The DRBC proposed to amend its Special Regulations to prohibit high volume hydraulic fracturing in shale and other rock formations in the Delaware River Basin, to establish provisions regarding water use for hydraulic fracturing, and to establish provisions related to the management of water produced by hydraulic fracturing. The amendments “discourage” the diversion, transfer, or exportation of Delaware River Basin water to areas outside the basin to support hydraulic fracturing, and would require approval of the Commission for deviations from this policy. With the idea of protecting existing objectives for water quality in the region, the proposal would further require Commission approval for water produced by hydraulic fracturing to be imported into the Delaware River Basin region. Hydraulic fracturing in the Marcellus Shale uses 3-5 million gallons of water per well, creating potential for thermal, radioactive, and chemical pollution. More than 15 million people rely on the Delaware River Basin for drinking water.
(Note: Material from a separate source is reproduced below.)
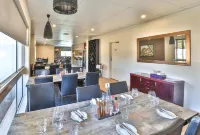 Boulevard Motor Inn - parking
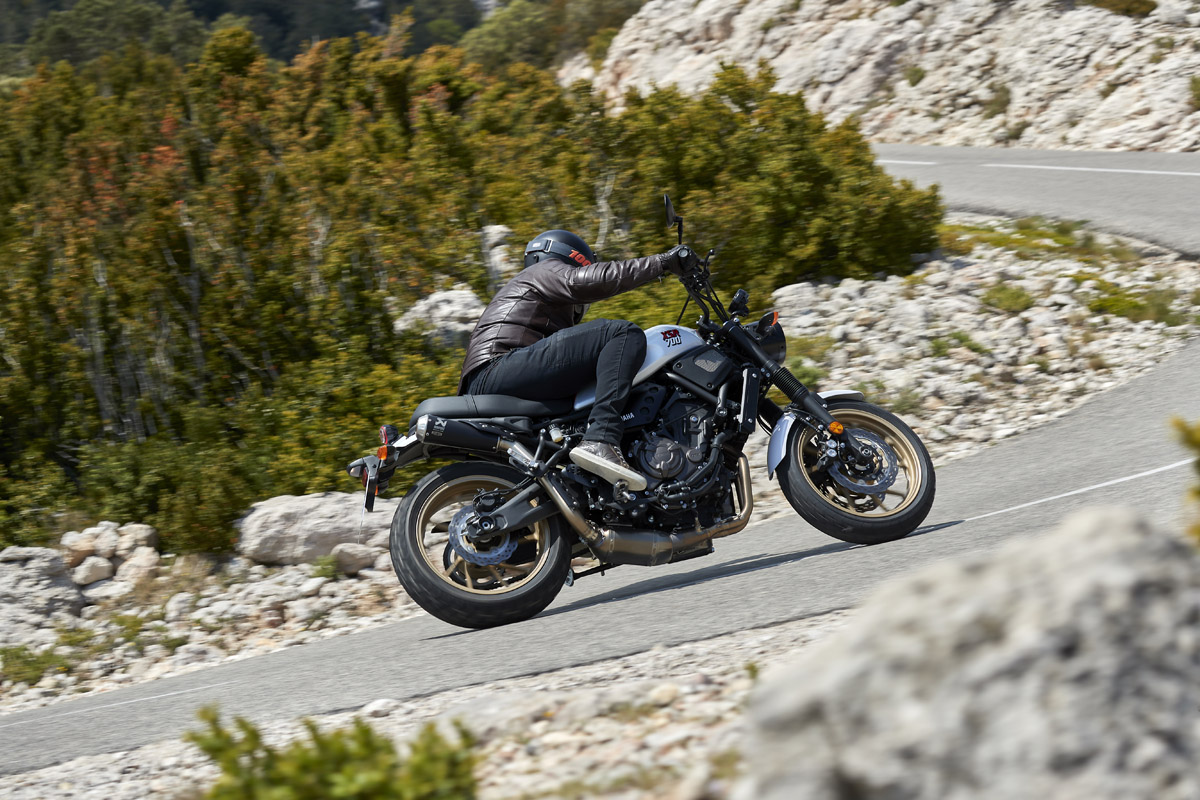 La agilidad es uno de los puntos fuertes de la Yamaha XSR700 XTribute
The proposed regulations are not insignificant to human population and the energy industry as the Marcellus Shale formation lies under approximately 36 percent of the Delaware River Basin. As those familiar with oil and gas exploration are aware, the Marcellus Shale formation is an outcropping of rock that extends through much of the Allegheny Plateau region of the United States, encompassing portions of nine states and extending into Canada. In the early part of this decade, estimates were that the Marcellus Shale contained 400-500 trillion cubic feet of natural gas, although this was later revised to note approximately 140 trillion cubic feet of recoverable gas.

Energy companies have made significant investment in land, wells, and pipelines in the region possibly anticipating future access to gas deposits not presently seen as recoverable. Currently, Marcellus Shale region wells produce about 14 billion cubic feet of gas per day. Human health and environmental impacts caused by hydraulic fracturing in the Marcellus Shale formation are being litigated in many jurisdictions throughout the region.

Public hearings are scheduled for January 23, 2018 in Waymart, PA, and January 25, 2018 in Philadelphia, PA on the DRBC’s proposed amendments. With the competing interests of politicians, environmentalists and the energy industry, it will likely be a contentious affair.